Farasi Romances
The novels reimagine the relationships between significant members of The First Bashi of Avatars, High Ashad Isha, High Ashad Alix, Talija, Iyarina, Aranda, and Nikah (among others) as a series of romantic interactions. While it is believed the initial inspiration was The Taming of the Fire Spirits and the associated epic sapphic poem by Talija herself, a great deal of the detail around the novels' writing and publication remains a mystery on account of the author Yanestika's identity remaining unknown and the subject of great speculation.
Purpose
Document Structure
Publication Status
Historical Details
Background
Other Scholars, particularly Varentkatesh, argue that attempting to find links between ancient mythology and the original stories told by Talija and others is an effort to find significance in popular stories where no such thing exists. Varentkatesh, writing in Ancient and Modern Literature, explains that constantly shifting relationships and the drama between the characters overshadows the political significance of their actions too much. They contend that the Romances should be thought of as fantastical erotica for modern times. Baraijie, in a letter to the editor of a subsequent volume of the journal, remarked that these two were not mutually exclusive objectives for the author. Talija's own Taming of the Fire Spirits is, after all, clearly erotic and explicit in content and used for ritual and popular educational purposes by Temple Fire.
History
The first book was published in paperback in Faras Gül and the Lower and South Cities of Amin Duum Exclusion Zone, with a Data Matrix version available on slate throughout the zone in 4503 and then throughout the Alliance in 4507. A further eight books were published, a later fan theory suggesting that Yanestika possibly chose the total number of nine to reflect the nine Guardians of Amnar. Each book was published approximately a year apart, except for a three-year gap between books 3 and 4. This has triggered wild speculation about possible problems in Yanestika's personal life in fan circles. This is tied to a shift in the themes and an expansion from Isha's relationships with Aranda (Book 1), Nikah (Book 2), and Talija (Book 3), to multiple bondings between the major characters that also included Spirits.
Public Reaction
In early anonymised interviews in popular literary journals, Yanestika hinted that they might have access to material unknown to the authors, perhaps because they were a Guest, descended from a population who live in the area close to The White Tree. The implication that there might be surviving evidence of Aranda and Isha's lives and that they might have met long prior to his appearance in Amnari mythology prompted fans to appeal to the Amin Duum Taijis Nil Museum to open an archaeological investigation in the area. As this would be outside any Exclusion Zone, this was vetoed by the Guardian of Internal Affairs.
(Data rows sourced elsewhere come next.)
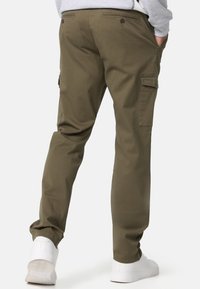 Pantalones cargo verde oliva de algodón con bolsillos laterales y un diseño de pierna recta. Con cierres de botón y una textura suave.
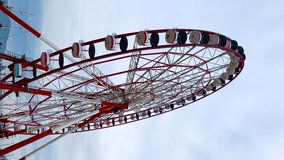 Red and white ferris wheel is rotating against grey cloudy sky at amusement park - vertical video. Sightseeing, cityscape, entertainment and holiday concept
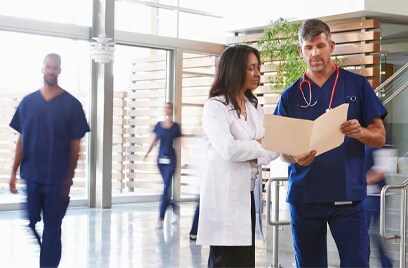 Medical practitioners conversing with motion in the background
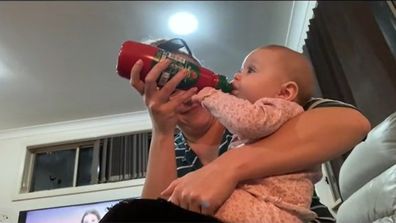 Baby being fed milk from a tomato sauce bottle.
Historians have been quick to emphasise that there is no evidence that Isha knew Aranda prior to becoming High Ashad, in part because Isha is known never to have been as far east as she would have needed to be in order to meet Aranda when he was enslaved by the Empire of Basat. Historians generally agree that Aranda was likely inspired by Isha's actions in Keshwar to lead his own uprising against House Beringeri and the rest of the Senate. In the first book's wildly improbable plot, Aranda's uprising, arrest, and subsequent execution was what led Isha to use The God Machine to turn him into the God of Chaos. Her motivation was largely love, rather than his ability to sow discord and chaos among her enemies.
Subsequent books were equally speculative, but this may be their general appeal, for their almost tongue in cheek take on foundational Amnari myths are often highly popular in-zone. Later books imagined equally, if not more, intense romances between Isha and Talija, Isha and Iyarina, and Talija, Iyarina, and Nikha and were even more popular, reaching a much wider audience. Several productions have been put on by travelling theatre companies in several zones, and although public interest waned by the end of the 4550s, a solid cut following remains.